__ABOUT THIS EXERCISE__: Two lines in the data below mark the range: the one with "NVIDIA graphics card not detecting HDMI" and the one with "बलरामपुर में रोड". Return both, along with every line between them, exactly.

__DATA EXCERPTS__:
☆ ☆ ☆ ☆ ☆ ☆ ☆

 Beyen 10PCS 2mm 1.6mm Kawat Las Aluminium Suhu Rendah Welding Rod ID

☆ ☆ ☆ ☆ ☆ ☆ ☆

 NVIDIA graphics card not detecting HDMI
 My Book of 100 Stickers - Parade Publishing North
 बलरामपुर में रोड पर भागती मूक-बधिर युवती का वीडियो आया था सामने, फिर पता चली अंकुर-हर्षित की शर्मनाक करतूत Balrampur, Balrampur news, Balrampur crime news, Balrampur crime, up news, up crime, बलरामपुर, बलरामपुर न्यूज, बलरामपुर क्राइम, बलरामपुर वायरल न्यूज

☆ ☆ ☆ ☆ ☆ ☆ ☆

__COMPLETED TASK__:
 NVIDIA graphics card not detecting HDMI
 My Book of 100 Stickers - Parade Publishing North
 बलरामपुर में रोड पर भागती मूक-बधिर युवती का वीडियो आया था सामने, फिर पता चली अंकुर-हर्षित की शर्मनाक करतूत Balrampur, Balrampur news, Balrampur crime news, Balrampur crime, up news, up crime, बलरामपुर, बलरामपुर न्यूज, बलरामपुर क्राइम, बलरामपुर वायरल न्यूज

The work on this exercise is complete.